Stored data

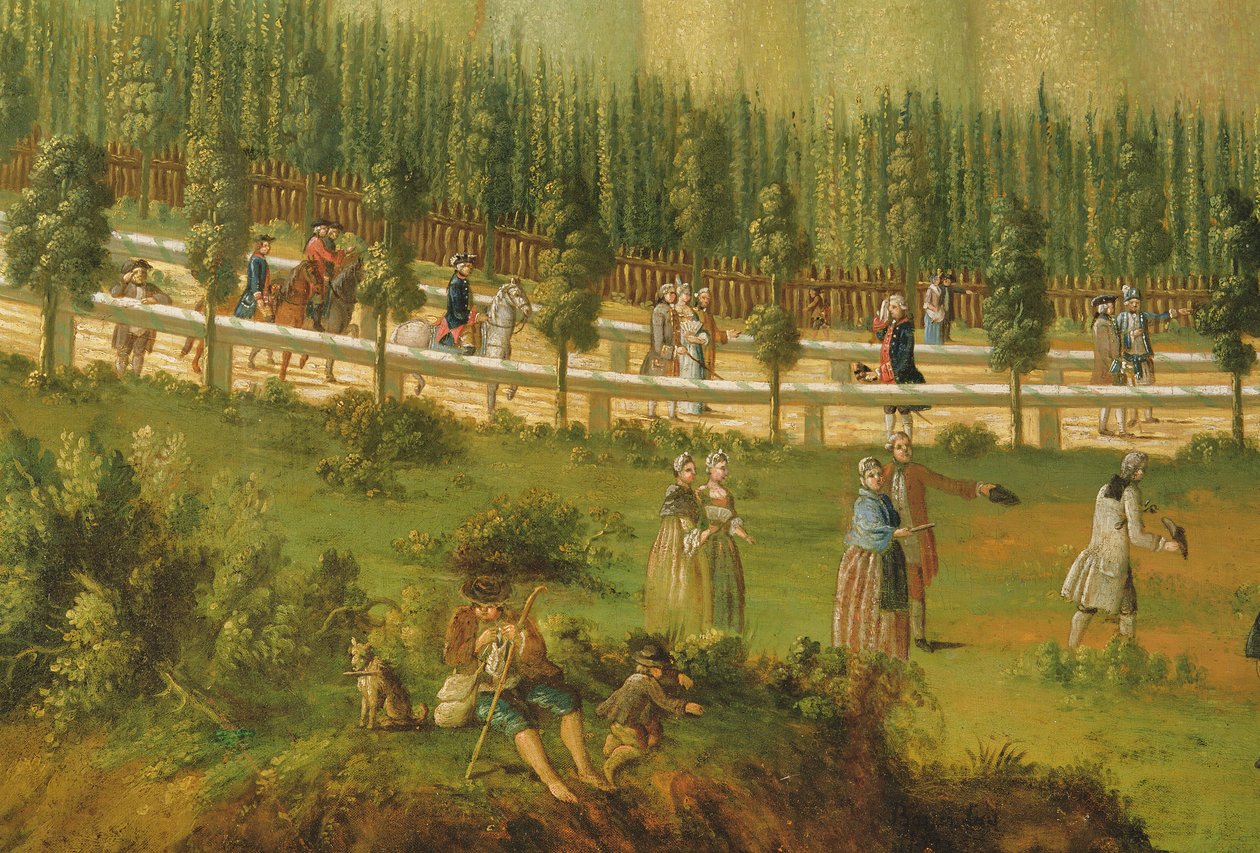 Frederick Suuri hevosen selässä Maulbeeralleessa, lähellä Sanssoucia, 1770 tekijältä German School
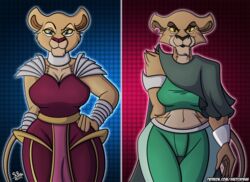  2019 5_fingers anthro anthrofied black_nose blue_eyes bottomwear bracelet breasts cleavage clothed clothing collar curvy_figure disney duo felid female fingers fur hand_on_hip jewelry lion looking_at_viewer mammal midriff midriff_top nala_(the_lion_king) navel notched_ear pantherine pants red_eyes red_nose shoulder_pads signature sketchybug tan_body tan_fur text the_lion_king tuft url wide_hips yellow_sclera zira_(the_lion_king) 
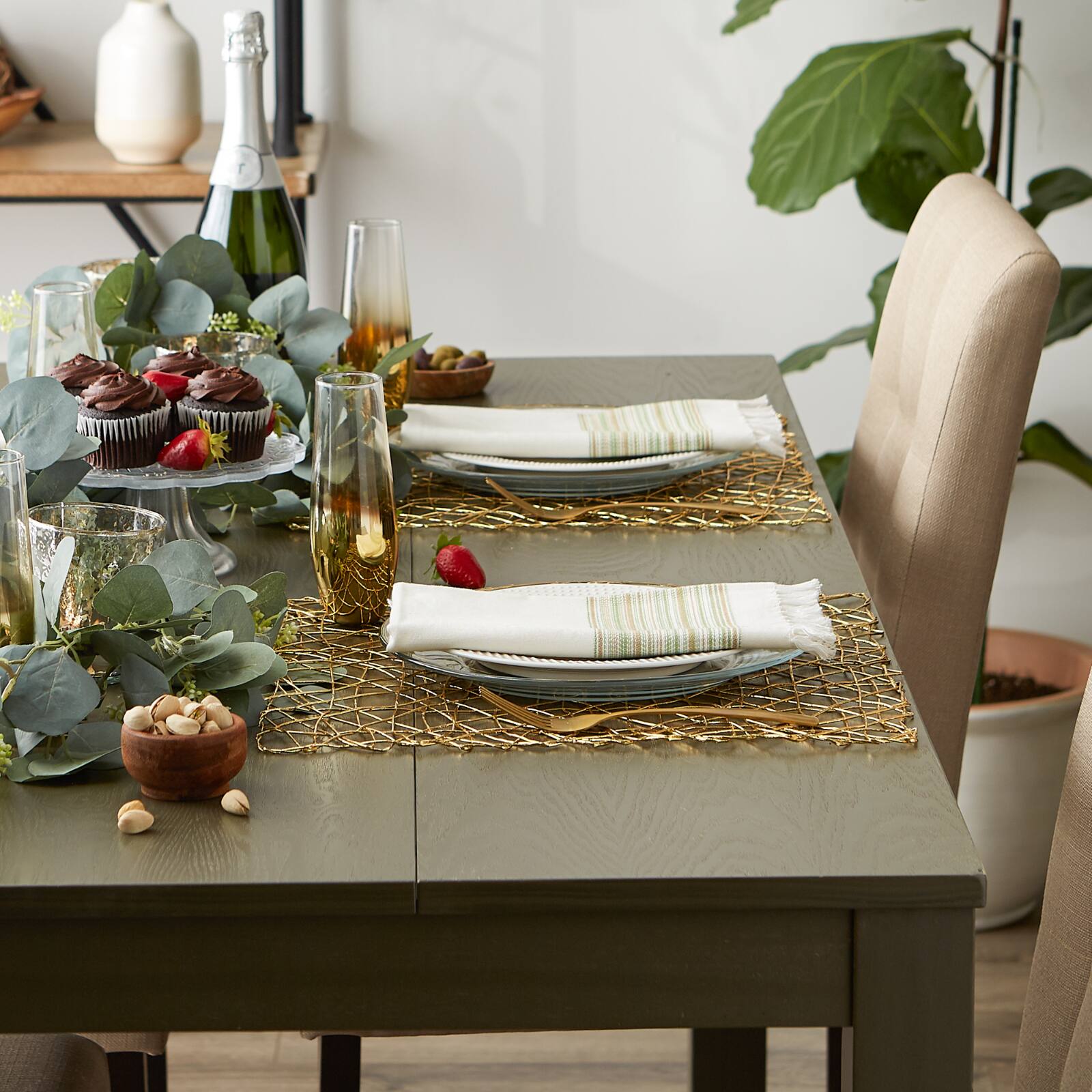DII&#xAE; Woven Paper Square Placemat Set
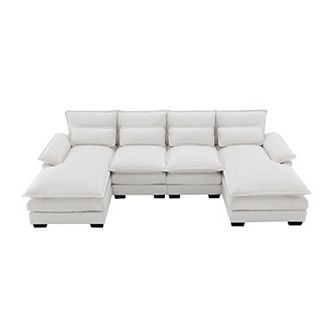 Modern U-shaped Sectional Sofa With Waist Pillows,6-seat Upholstered Symmetrical Sofa Furniture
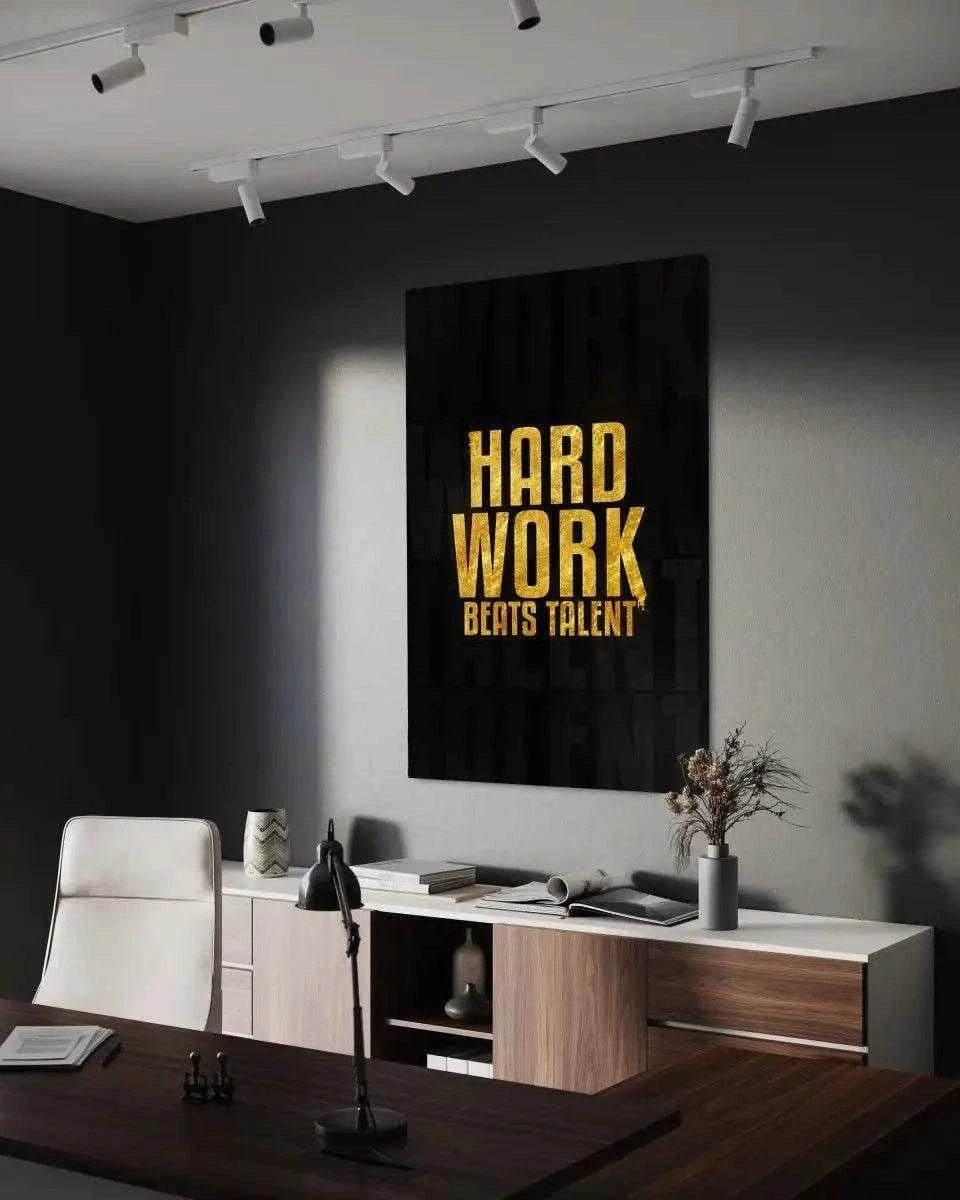 Hard Work Beats Talent - Leinwandbild Motivation SimpleCanvas Canvas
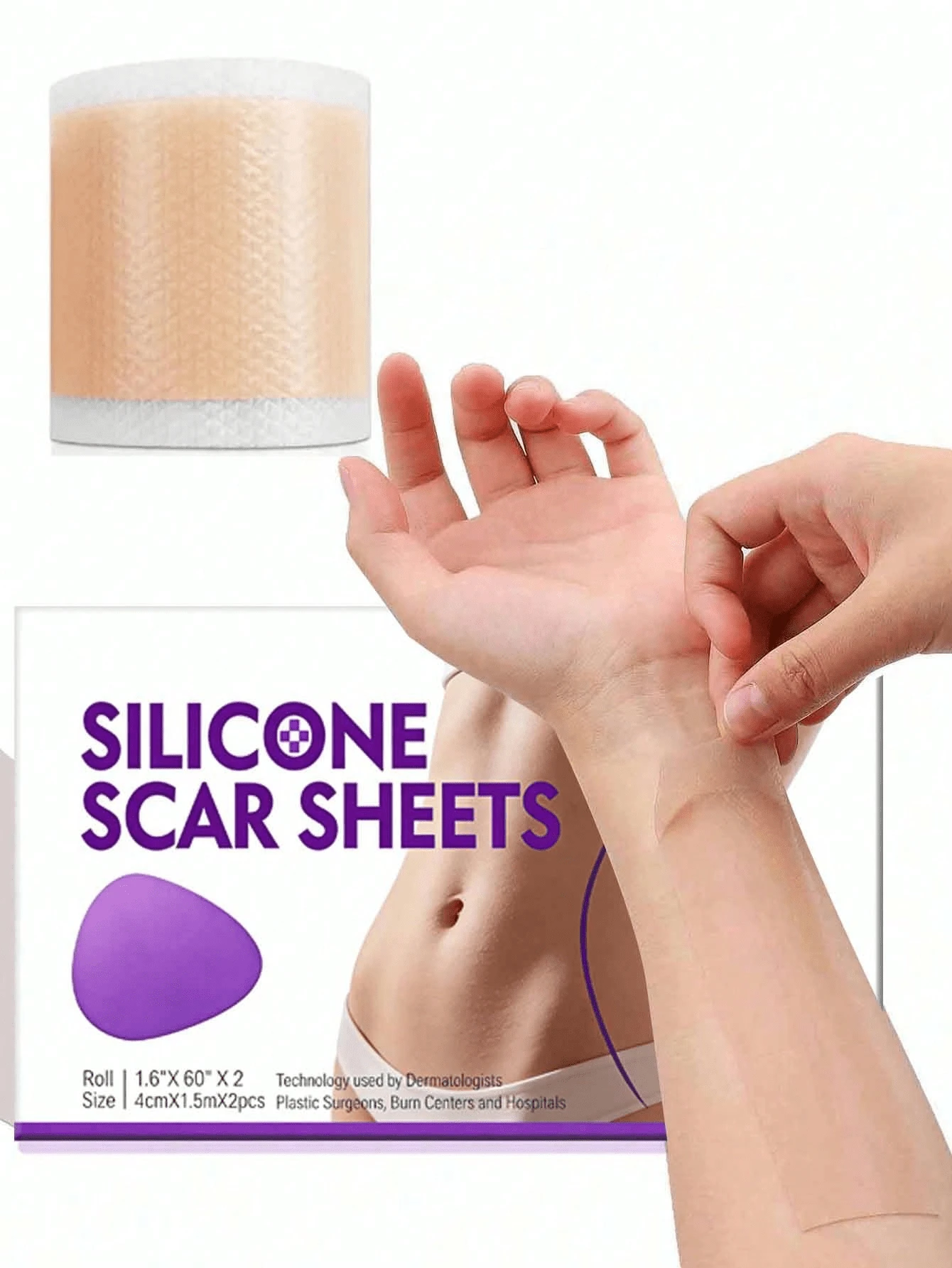 Miếng dán trị sẹo silicon kích thước 0,39" x 59,06", phù hợp với mọi loại da, miếng dán trị sẹo silicon tái sử dụng, dùng trong chuyên nghiệp. - nhiều màu - Xem 1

What needs to be done: Every line from the one that holds "Modern U-shaped Sectional" to the last line of the records above goes into the answer, exactly as written; nothing else does, and no picture does either.

Exercise result:
 Modern U-shaped Sectional Sofa With Waist Pillows,6-seat Upholstered Symmetrical Sofa Furniture
 Hard Work Beats Talent - Leinwandbild Motivation SimpleCanvas Canvas
 Miếng dán trị sẹo silicon kích thước 0,39" x 59,06", phù hợp với mọi loại da, miếng dán trị sẹo silicon tái sử dụng, dùng trong chuyên nghiệp. - nhiều màu - Xem 1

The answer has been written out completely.